As chair of the City Council’s Committee on Economic Development for more than a year and a half and a member of the transportation committee his entire tenure in the Council, Mr. Garodnick has won friends on the business side.

“On TransitChek and in general in his role as chairman of Economic Development and his work on transportation, he is one of the council members who is very careful [and] thoughtful about talking with the business community to get the input of employers and investors as to what will be the impact of various legislation, programs and land use actions,” said Kathryn Wylde, the president and chief executive officer of Partnership for New York City, a nonprofit membership organization consisting of nearly 300 CEOs.

Mr. Garodnick was also instrumental in the Sunset Park master lease for the South Brooklyn Marine Terminal, which was approved by the City Council on May 27.

“We worked very hard to help [the city’s Economic Development Corporation] and the local council member in Sunset Park come to terms of an agreement to active the South Brooklyn Marine terminal,” Mr. Garodnick said. “It’s a 70-acre site on the waterfront that will be activated for maritime industrial uses.”
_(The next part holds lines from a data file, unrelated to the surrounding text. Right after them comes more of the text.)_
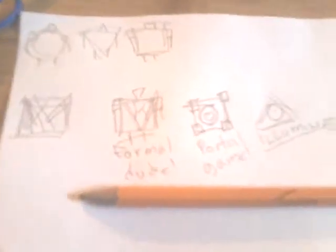So we have a formal person, we have the portal which I think should be a game, we have the Illuminati. All right. We are finished here.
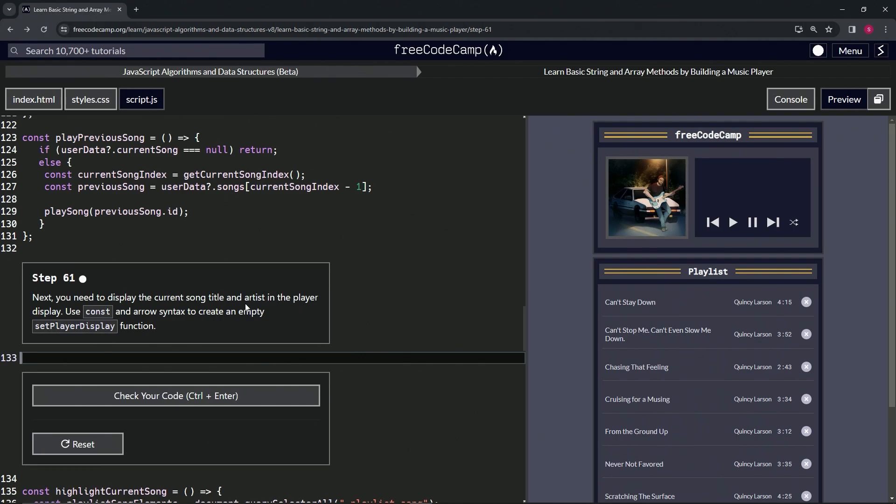We'll use const and arrow syntax to create an empty setPlayerDisplay function.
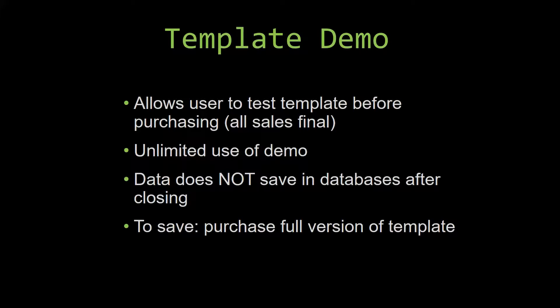Our sales are final because we give you the source code when you purchase the template. And once we give you the source code, there is really no way that you can return the code. If you would like to test out our demos for multiple days, you are free to do so.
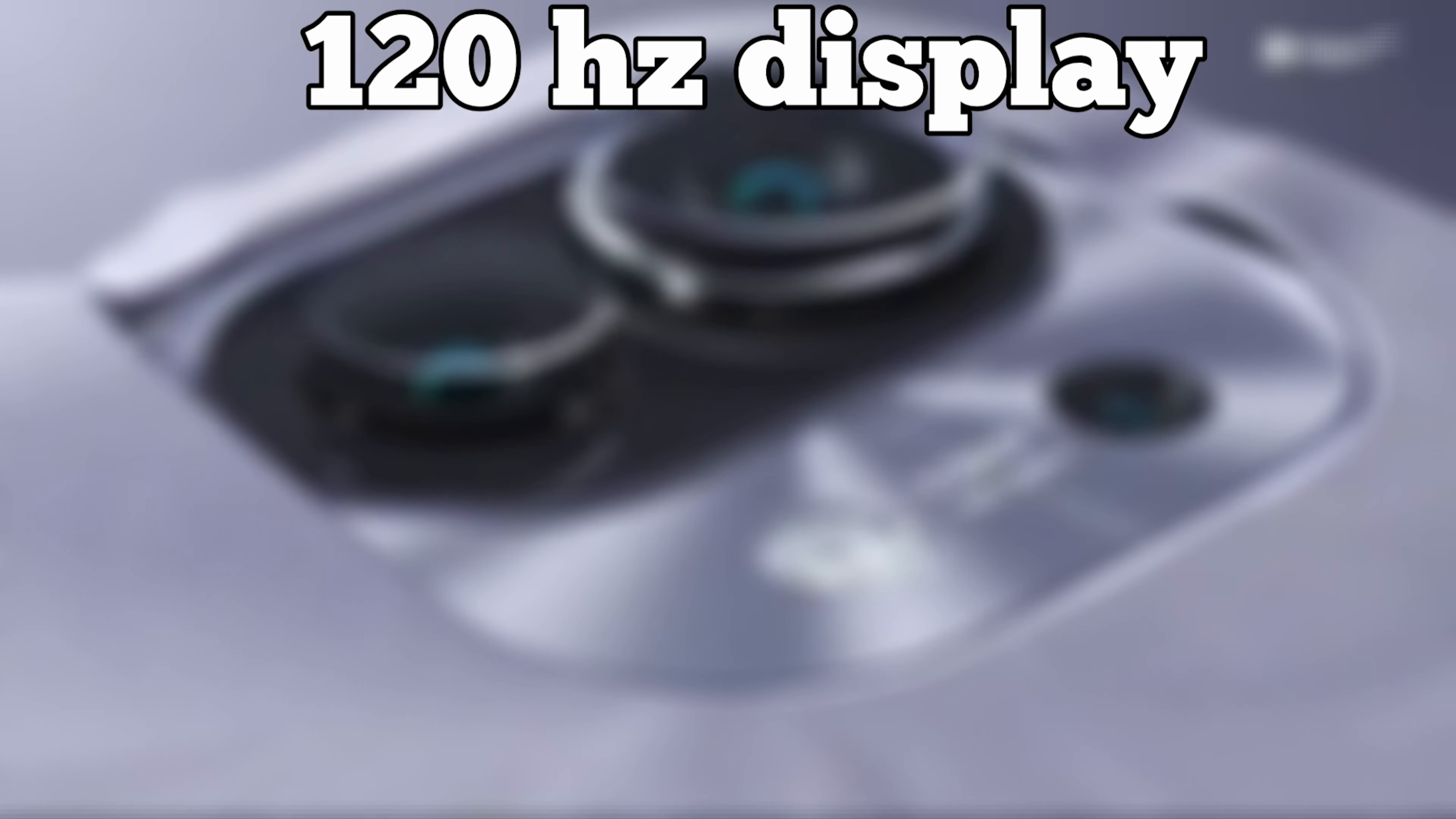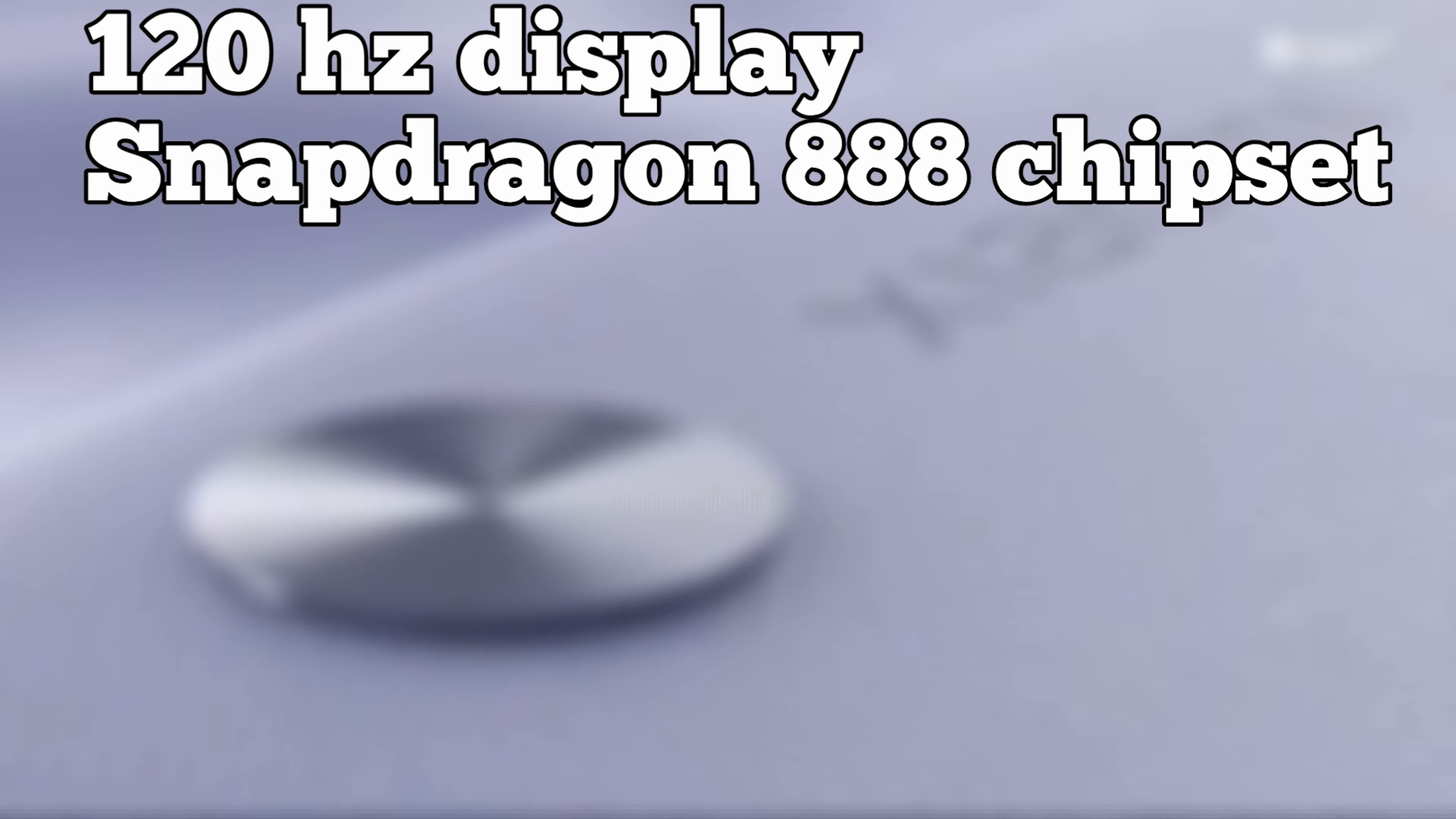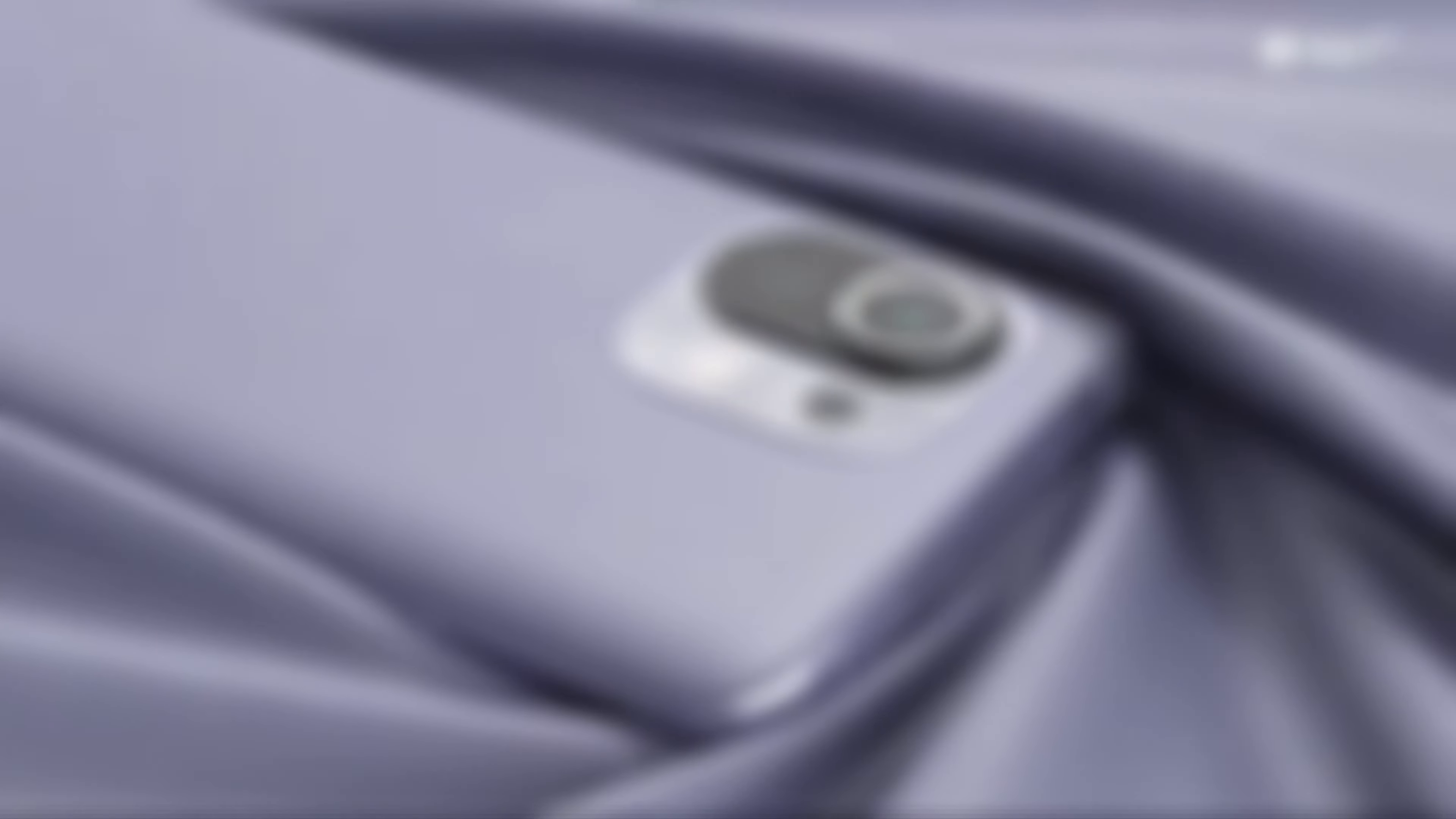It has a 6.8 inch 120 hertz AMOLED display. As I said earlier, it has a Snapdragon 888 chipset, 12 gigabytes of RAM, and 256 gigabytes of storage. It has a 108 megapixel main camera, a 13 megapixel ultra wide camera, and a 5 megapixel telephoto camera.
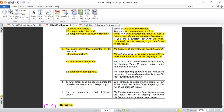For the remuneration committee, the response states: a three-man committee consisting of himself, the director of human resources, and one of the non-executive directors. This is not compliant with the King 4 composition requirements. Regarding other committees: 'No other standing committees are considered necessary; if we need a committee for a specific task, I appoint it and I chair it.' This means the managing director is also chairing the remuneration committee — total disaster from a governance perspective.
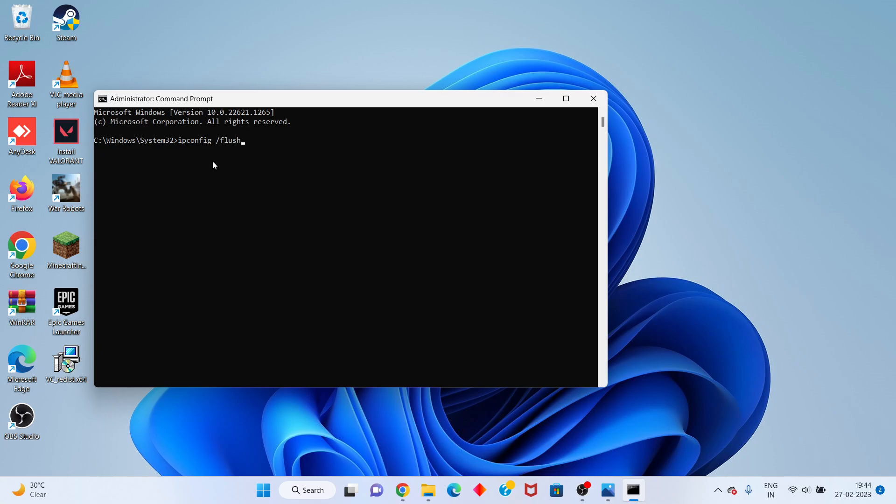Next, type ipconfig space /renew and click enter.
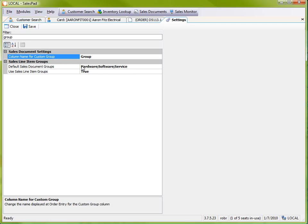And finally, I have this field where I can actually specify the name of the column that will be used for that grouping field.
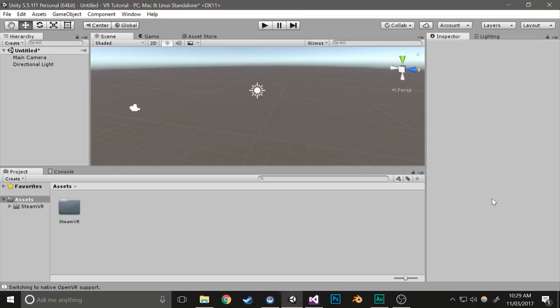Hey guys, this is Locky, and today is the beginning of a tutorial series I'm going to be doing on how to make games for the HTC Vive with Unity.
Other transportation efforts by Mr. Garodnick include implementing tools to help businesses struggling along Second Avenue during the Second Avenue Subway construction, introducing legislation requiring that there be privacy policies for for-hire vehicle companies, like Uber and Via, “to make sure that user data is not being abused by the companies themselves,” and a bill making tipping in taxis uniform. “Depending on which taxi you get in, the tip is either calculated on a base fare or on the post-tax and toll fare,” and this aims to add uniformity, Mr. Garodnick said.

TRAIN PAIN: East Side transit has been an uphill battle (Photo: DON EMMERT/AFP/Getty Images).
TRAIN PAIN: East Side transit has been an uphill battle (Photo: DON EMMERT/AFP/Getty Images).

CO found it nearly impossible to find anyone with anything negative to say about Mr. Garodnick.

Even former Queens Councilman Mark Weprin, who ran against Mr. Garodnick in the Council speaker race and lost his borough’s support to Mr. Garodnick, was only kind. (Councilwoman Melissa Mark-Viverito won the speaker seat in January 2014.)

“He’s diligent and smart and he’s not just a show boater,” said Mr. Weprin, who resigned in June from the Council to become deputy secretary of Legislative Affairs for the Cuomo administration. “He does things because he thinks they’re the right thing to do.”

When it came to Midtown East, Mr. Weprin commended Mr. Garodnick for his ensuring that developers would contribute to the city’s transportation system.

“On Midtown East he was a visionary,” Mr. Weprin said. “He made sure the capital improvements and other improvements were in the plan for transportation in the area not just for the short term, but for the long term.”